Oh man. I just started doing my on-line dive training and hate to see these posts. I’m curios of the specifics, depth etc.... god bless


----------



## murfpcola (Aug 28, 2012)

It was this morning. I was offshore and heard some of the radio conversation. Seems like it was before 9 am when were hearing the coast guard talking to someone involved.


----------



## CurDog (Nov 14, 2010)

Thinking they flew 2d guy to springhill because they have a topnotch full-time hyperbaric chamber.


----------



## BananaTom (Feb 16, 2008)

CurDog said:


> Thinking they flew 2d guy to springhill because they have a topnotch full-time hyperbaric chamber.

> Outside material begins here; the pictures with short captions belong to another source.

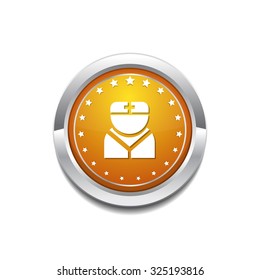 Nurse Yellow Vector Icon Button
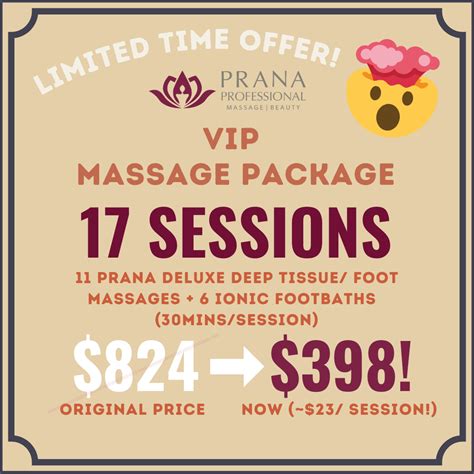Valued Packages Prana Massage Perth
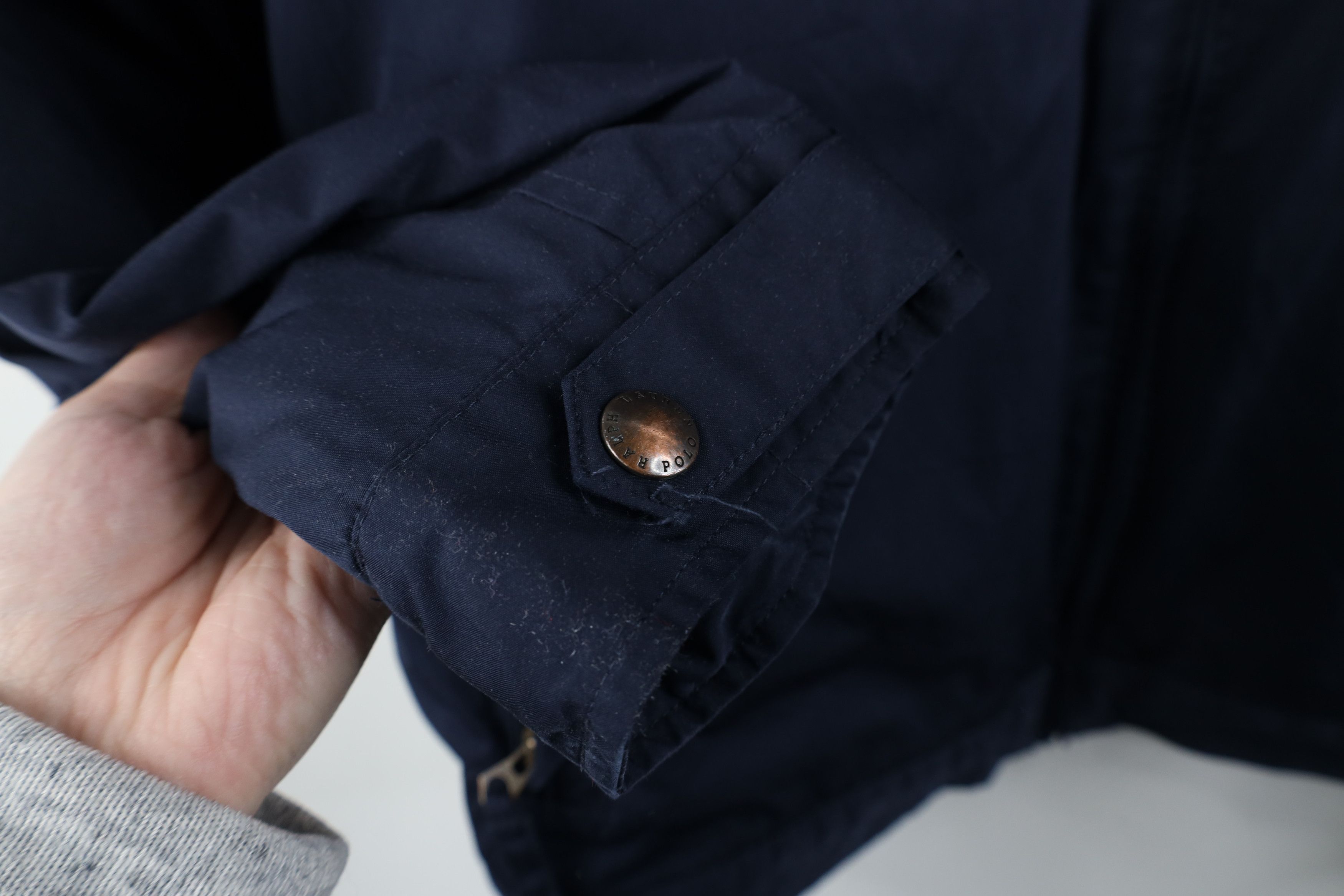 Ralph Lauren × Vintage Vintage 90s Ralph Lauren Lined Hooded Windbreaker Jacket Size US L / EU 52-54 / 3 - 7 Thumbnail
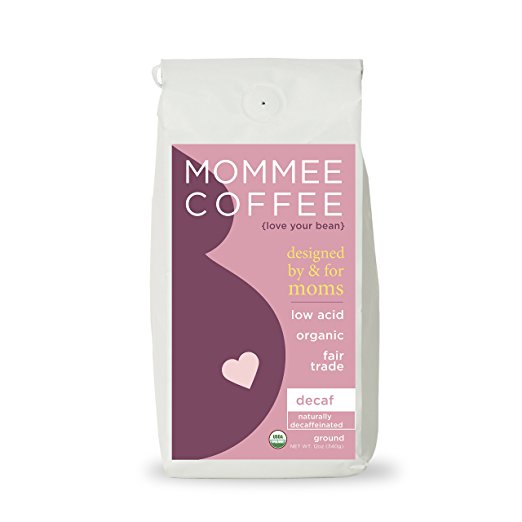 Mommee Coffee - Decaf, Low Acid Coffee | Ground, Organic | Fair Trade, Water Processed - 12oz.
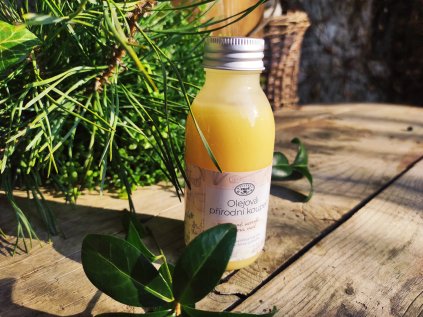 Olejová přírodní koupel Pomeranč, Acerola, Med 120 ml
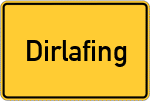 Place name sign Dirlafing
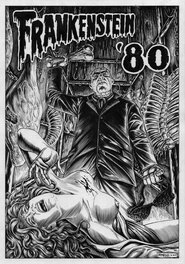 Raúlo Cáceres - Frankenstein 80 - Illustration originale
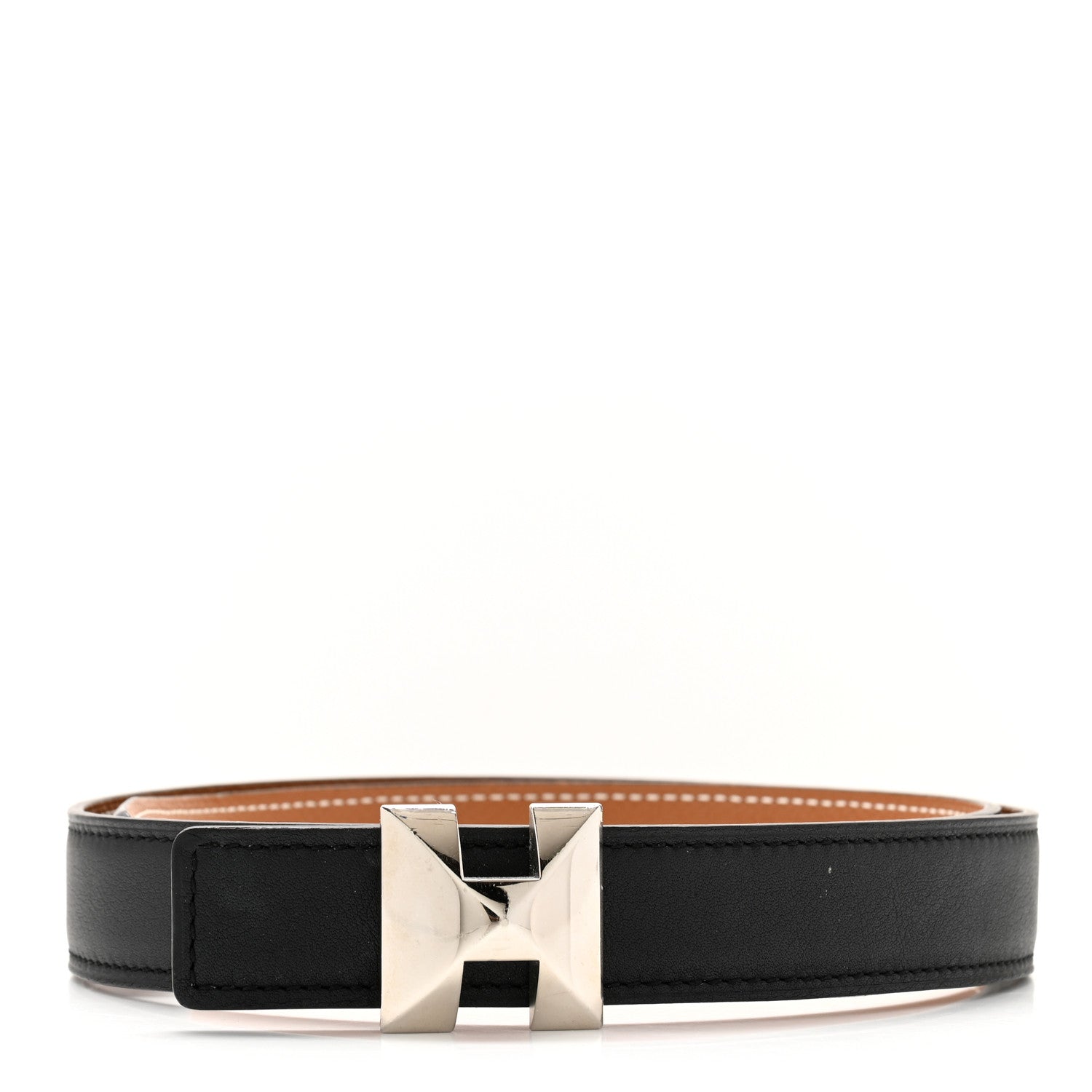 Hermes Swift Epsom 24mm Medor H Belt 70 28 Black Gold 1 of 6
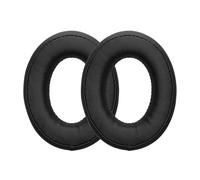 kwmobile 2x Cuscinetto Cuffie Compatibile con Sennheiser HD560S / HD400 Pro / HD620S Pad - Cuscinetti Ricambio Cuffie Over Ear Simil Pelle - nero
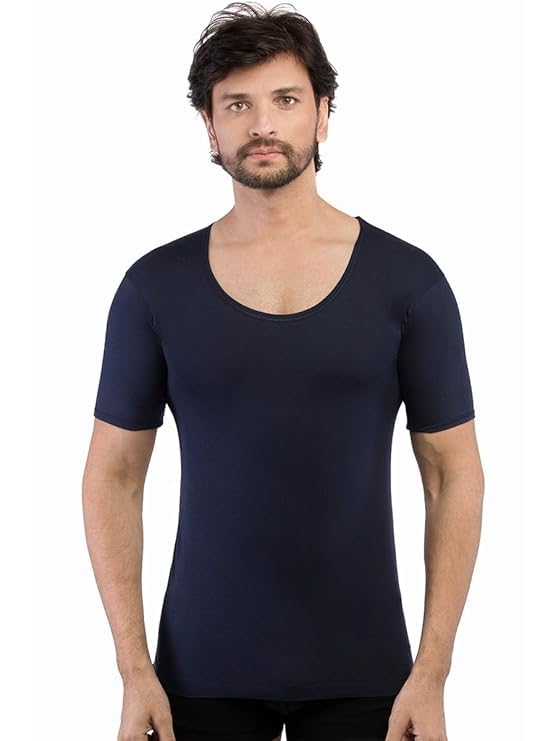 Image of VIP Supreme Men's Half SLEVEES Cotton Vest Pack of 5 (Color May Vary in Assorted) (in, Alpha, 3XL, Regular, Assorted)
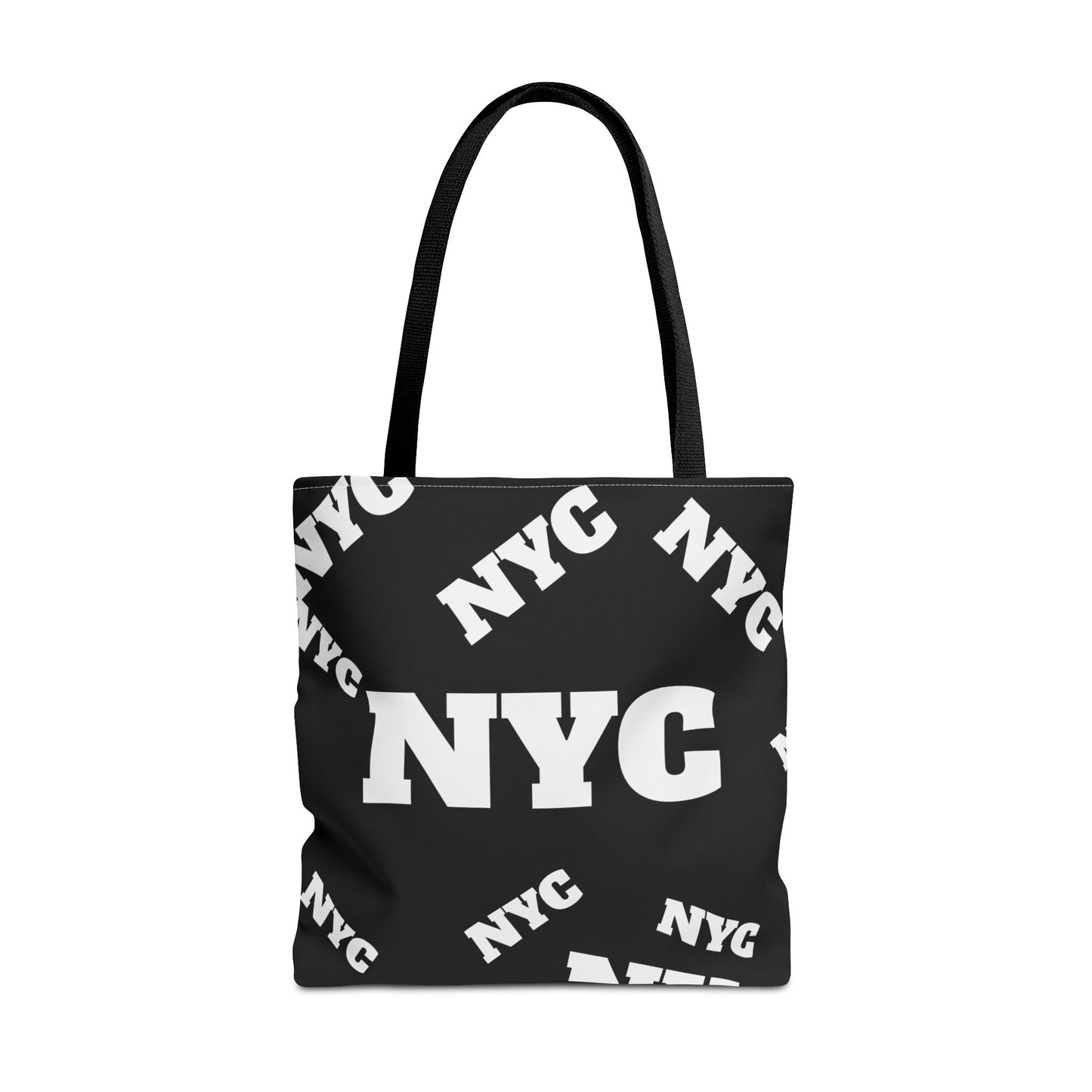 NYC Repeat Logo Tote Bag — Black City Graphic Tote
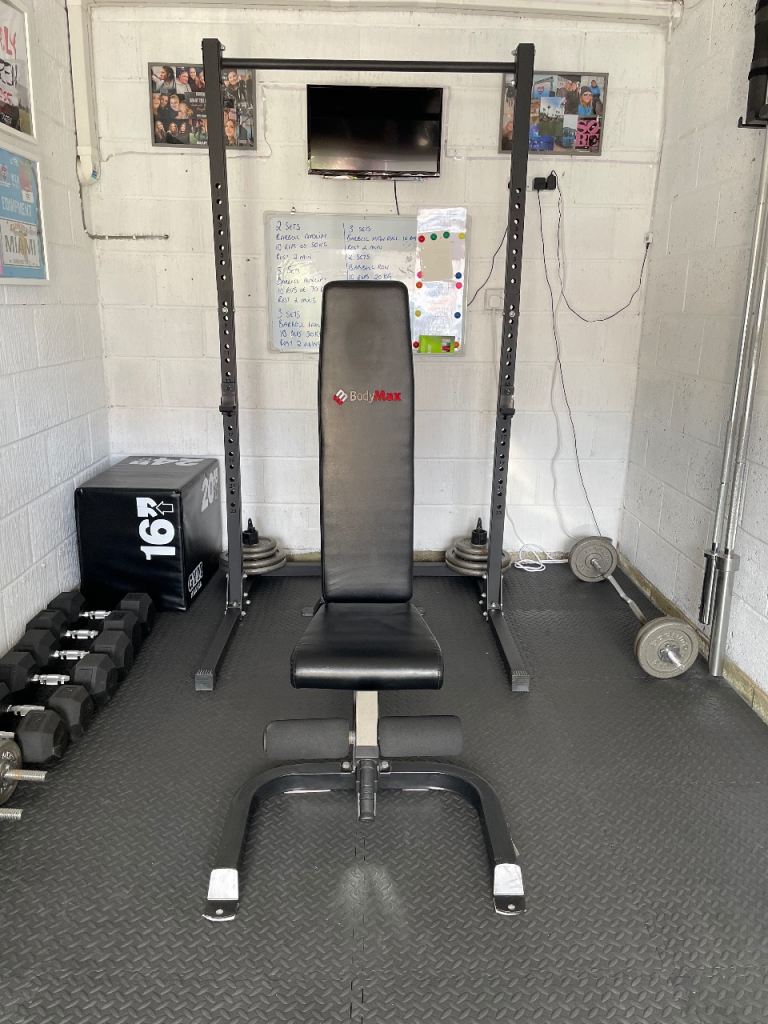 BodyMax Weight Bench and Squat Rack. Collect today and I’ll throw in some bars and weights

Last I knew it’s the closest, as there is not one in Pensacola


----------



## Mac1528 (Mar 24, 2012)

Prayers to those in need being lifted.

Sent from my moto e5 supra using Tapatalk


----------



## sealark (Sep 27, 2007)

chaps said:


> Oh man. I just started doing my on-line dive training and hate to see these posts. I’m curios of the specifics, depth etc.... god bless


Get the training and follow and understand what you are being taught. Start diving with someone the same level as you are. Take your time and learn the enviroment and different conditions. Consider Diving nitrox on air tables. Always have a driver in boat at all times.


----------



## sealark (Sep 27, 2007)

BananaTom said:


> Last I knew it’s the closest, as there is not one in Pensacola


Believe it or not there are two chambers in pensacola. Baptist and NAMI. The problem is having a qualified team to treat diving accidents. No one wants the responsibility and liaability for treating divers, not enough money in it. The 2 chambers locally are used to treat diabetes.


----------



## FL Aggie (Sep 22, 2013)

We heard it on the VHF Sat morning. They did CPR for a pretty good length of time. Sat was a busy day on the radio. 


Sent from my iPhone using Tapatalk


----------



## Dagwood (Oct 1, 2007)

Northescambia.com reporting 48 year old had cardiac arrest.


----------



## TheBeeDeeGee (Oct 3, 2017)

sealark said:


> Believe it or not there are two chambers in pensacola. Baptist and NAMI. The problem is having a qualified team to treat diving accidents. No one wants the responsibility and liaability for treating divers, not enough money in it. The 2 chambers locally are used to treat diabetes.



From what I understand the NAMI chamber is not for civilians. I'm a federal employee and we have an agreement with the Navy so we can use it. I have to call and let them know we are using them for coverage. Mobile is the nearest one (for a ways) that will treat divers.


----------